---- Supplied data
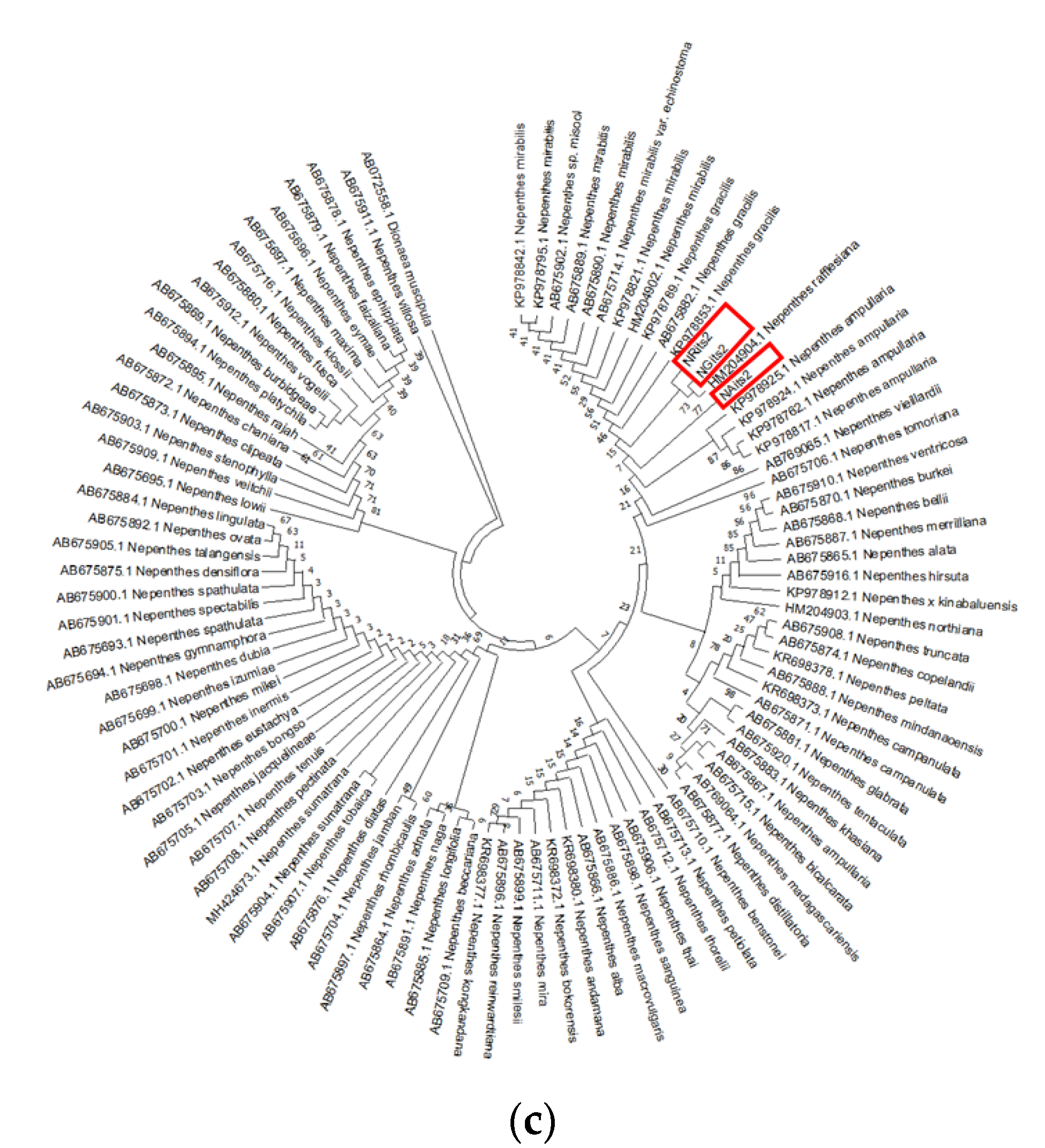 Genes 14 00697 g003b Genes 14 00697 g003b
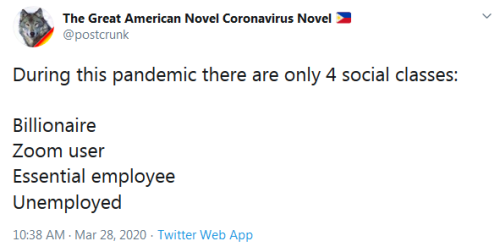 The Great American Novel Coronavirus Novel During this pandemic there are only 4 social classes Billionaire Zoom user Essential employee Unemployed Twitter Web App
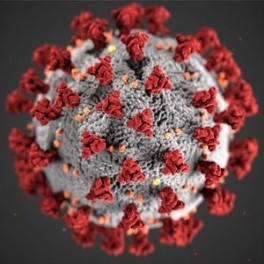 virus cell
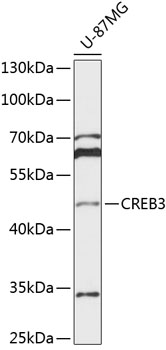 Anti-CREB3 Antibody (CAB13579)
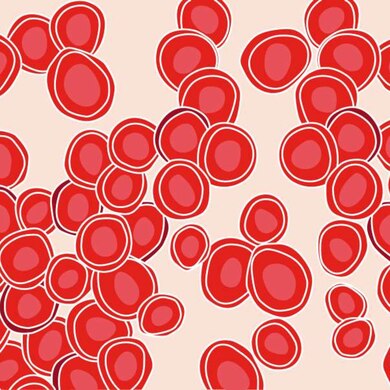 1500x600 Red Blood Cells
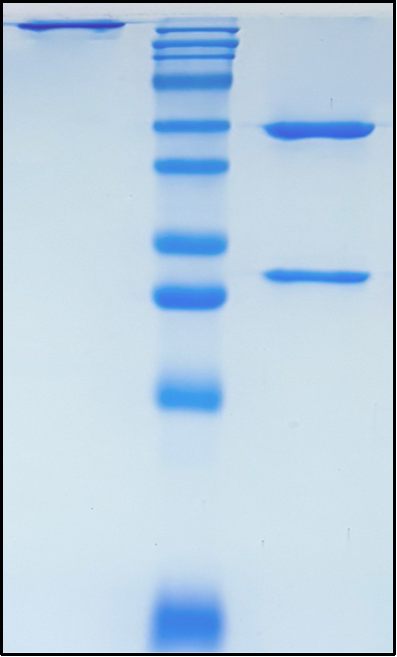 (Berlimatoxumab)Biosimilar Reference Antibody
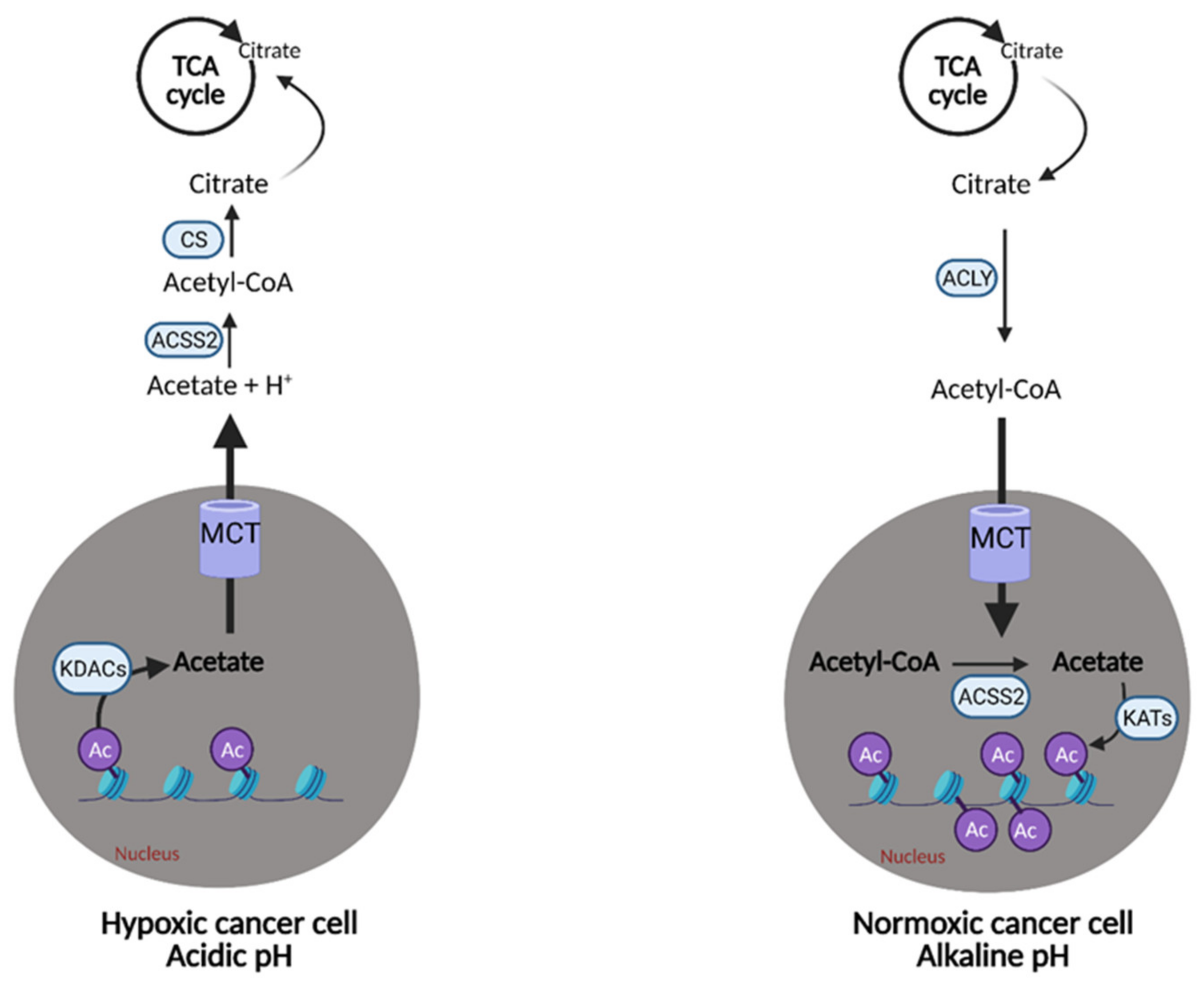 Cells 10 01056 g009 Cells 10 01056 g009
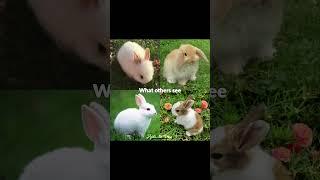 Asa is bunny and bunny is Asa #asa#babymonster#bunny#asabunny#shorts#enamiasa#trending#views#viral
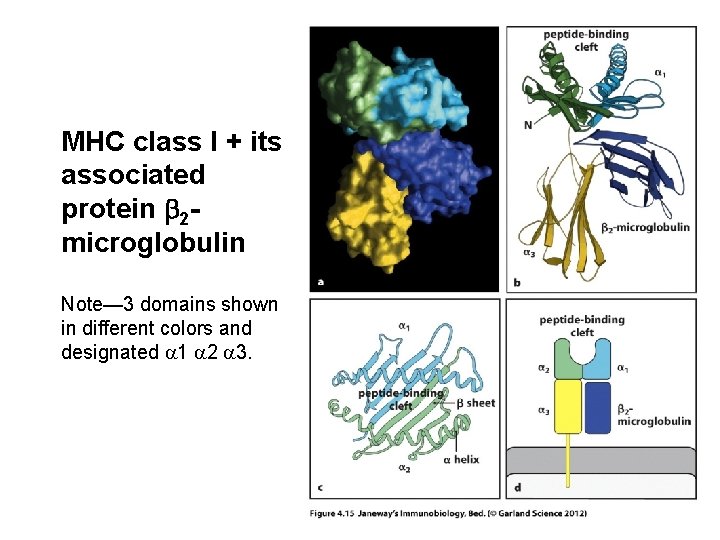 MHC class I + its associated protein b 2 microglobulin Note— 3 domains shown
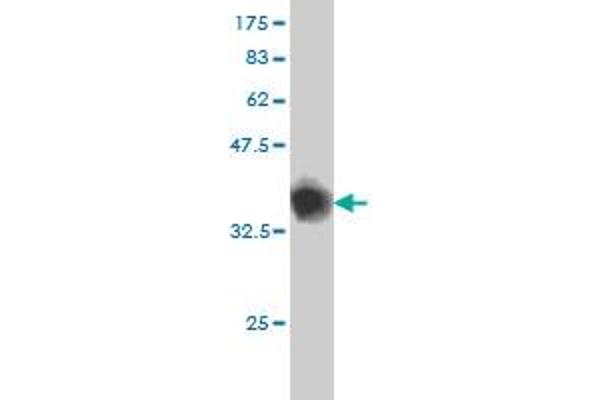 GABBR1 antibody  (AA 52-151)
--------
-- Assignment --
Excluding the pictures, restate word for word the lines from the one that holds "Asa is bunny" through the last line of the entries, both ends included.

-- Exercise answer --
 Asa is bunny and bunny is Asa #asa#babymonster#bunny#asabunny#shorts#enamiasa#trending#views#viral
 MHC class I + its associated protein b 2 microglobulin Note— 3 domains shown
 GABBR1 antibody  (AA 52-151)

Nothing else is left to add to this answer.